### ABOUT THIS TASK
Please output the lines from the one with "MERCEDES-BENZ S 450" through the end of the data exactly as written, omitting all pictures.

### DATA SECTION
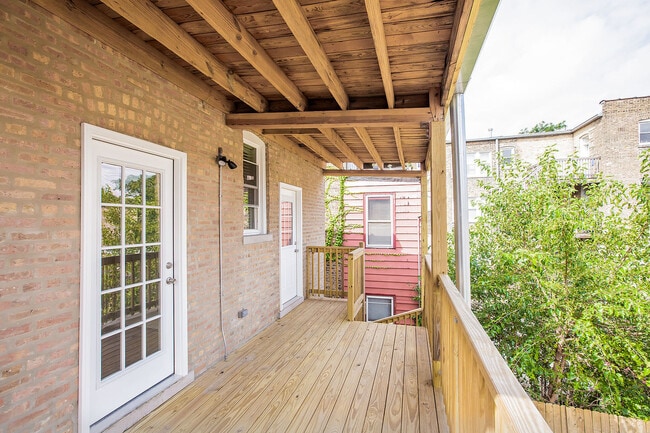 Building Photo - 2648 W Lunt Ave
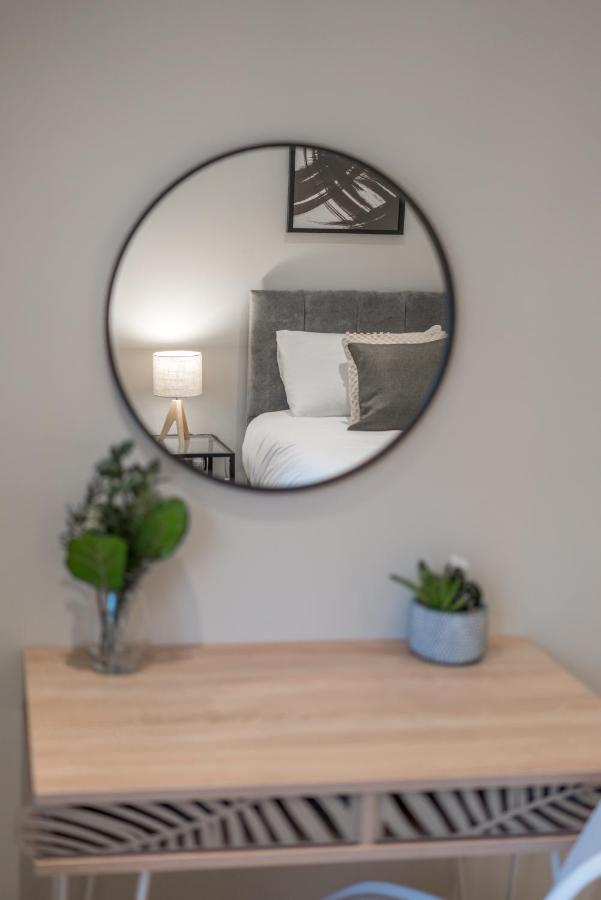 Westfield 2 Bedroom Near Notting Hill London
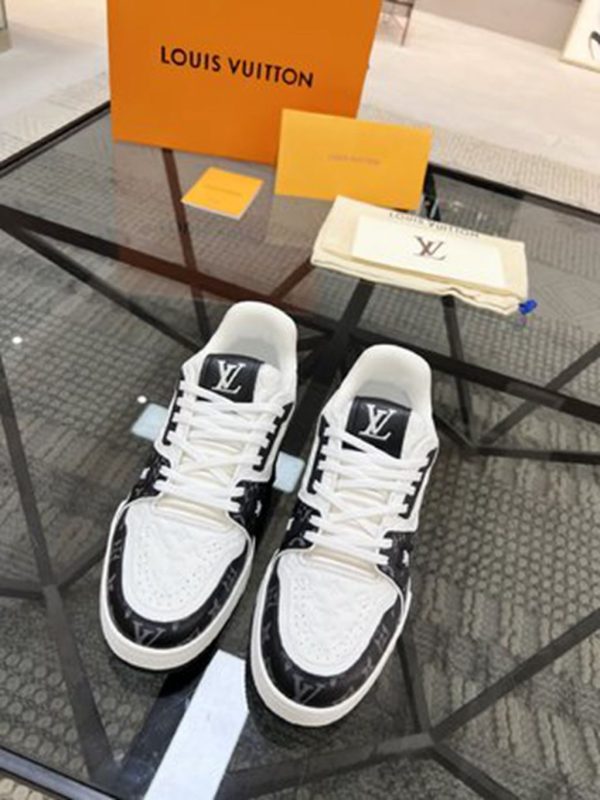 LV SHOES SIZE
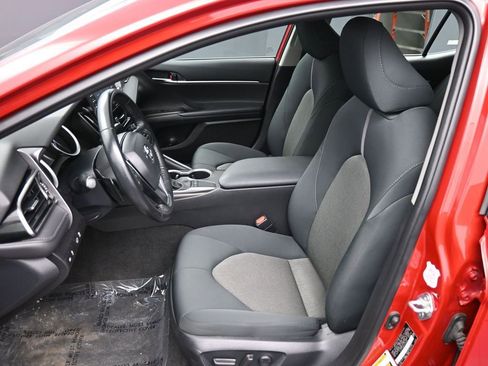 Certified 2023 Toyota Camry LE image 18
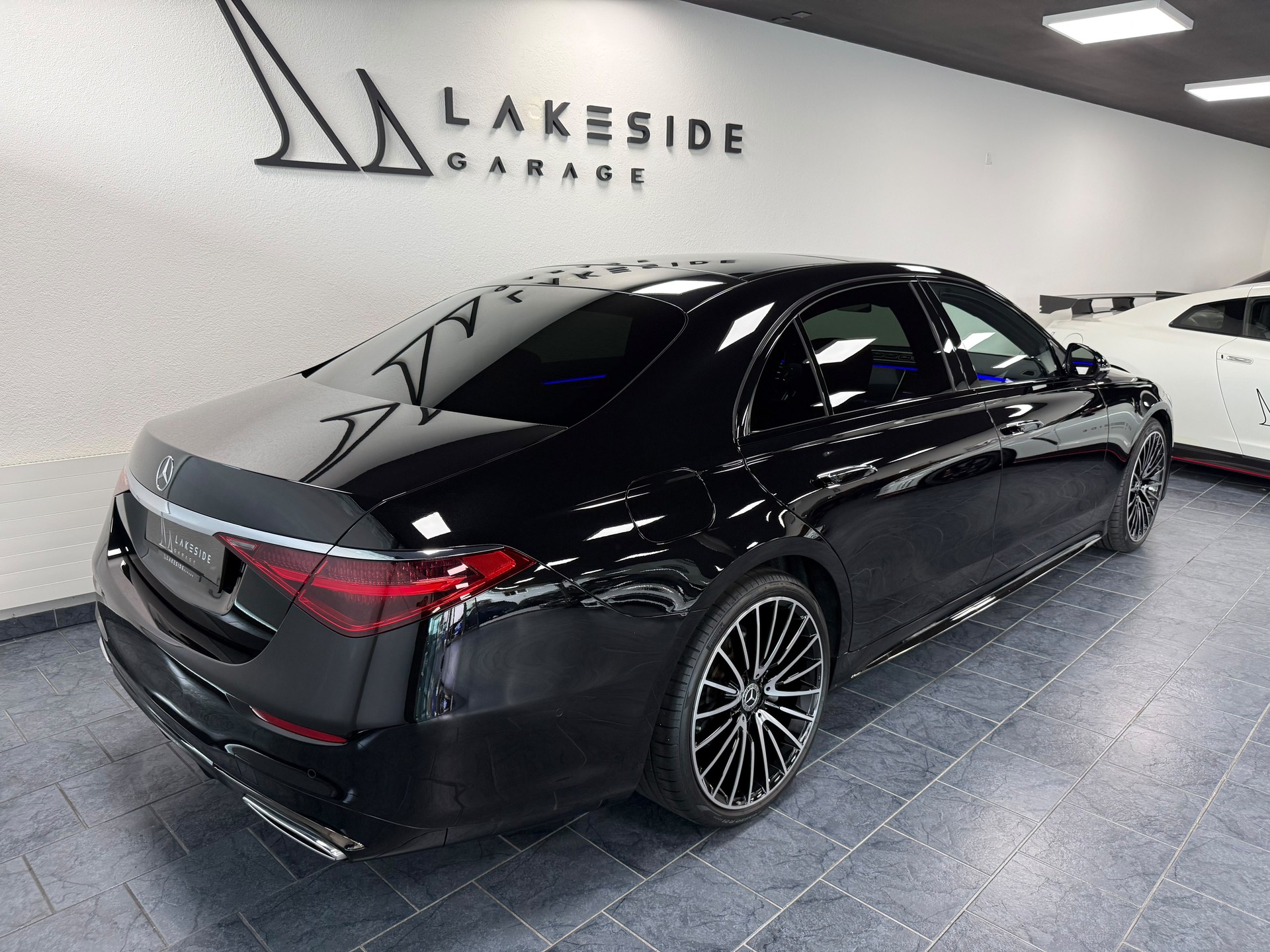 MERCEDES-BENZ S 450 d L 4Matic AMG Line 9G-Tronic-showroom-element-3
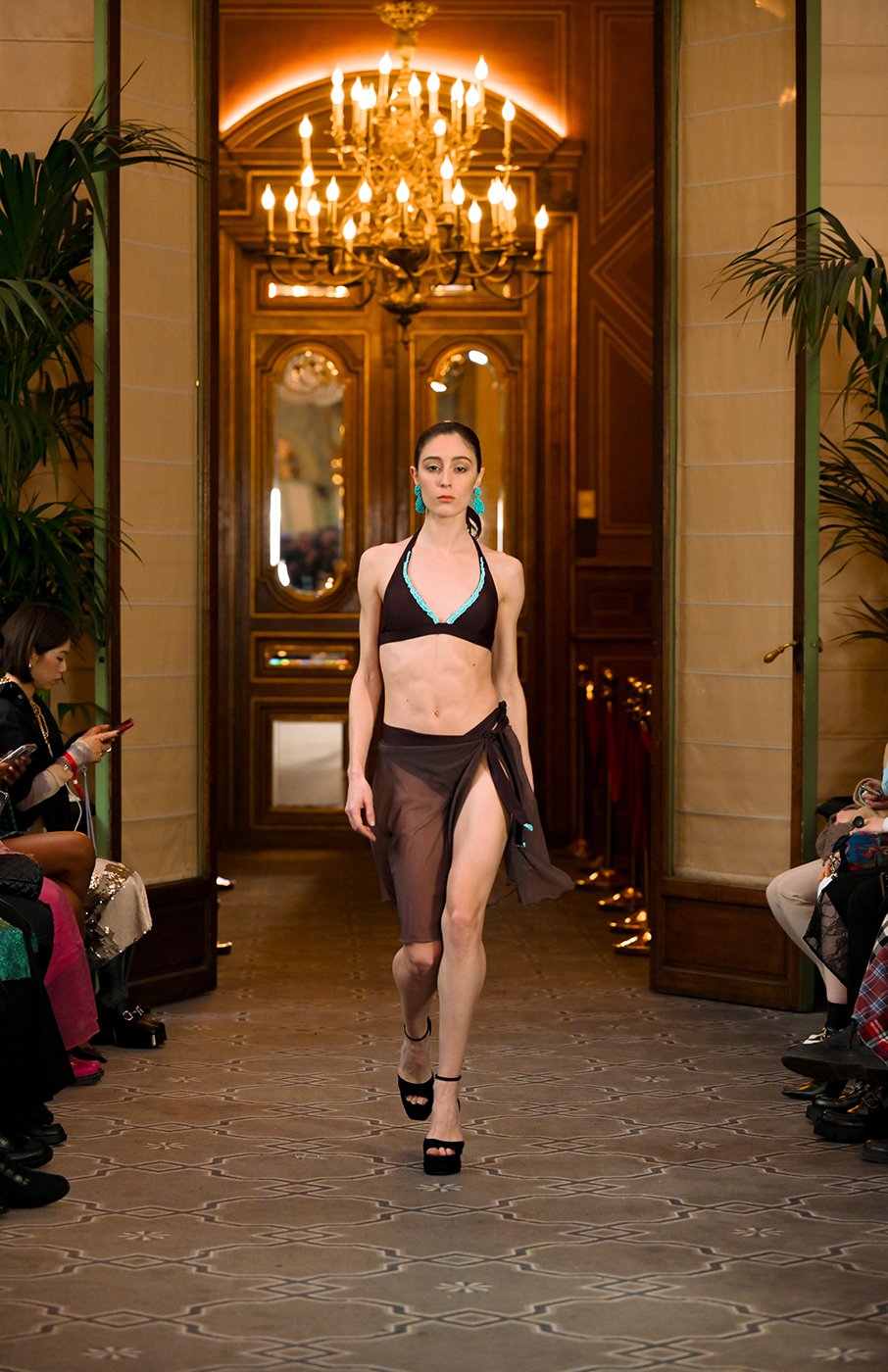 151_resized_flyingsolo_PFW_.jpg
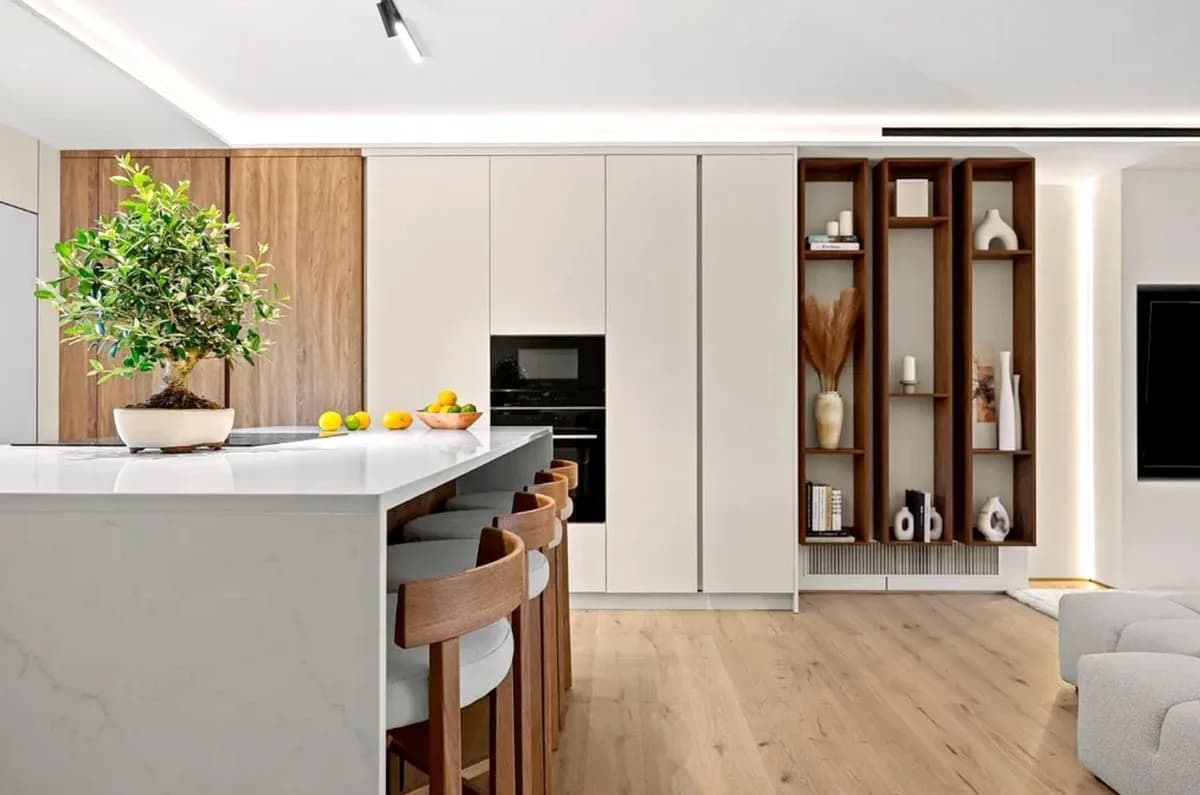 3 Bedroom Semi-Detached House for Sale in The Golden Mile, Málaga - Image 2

### EXERCISE ANSWER
 MERCEDES-BENZ S 450 d L 4Matic AMG Line 9G-Tronic-showroom-element-3
 151_resized_flyingsolo_PFW_.jpg
 3 Bedroom Semi-Detached House for Sale in The Golden Mile, Málaga - Image 2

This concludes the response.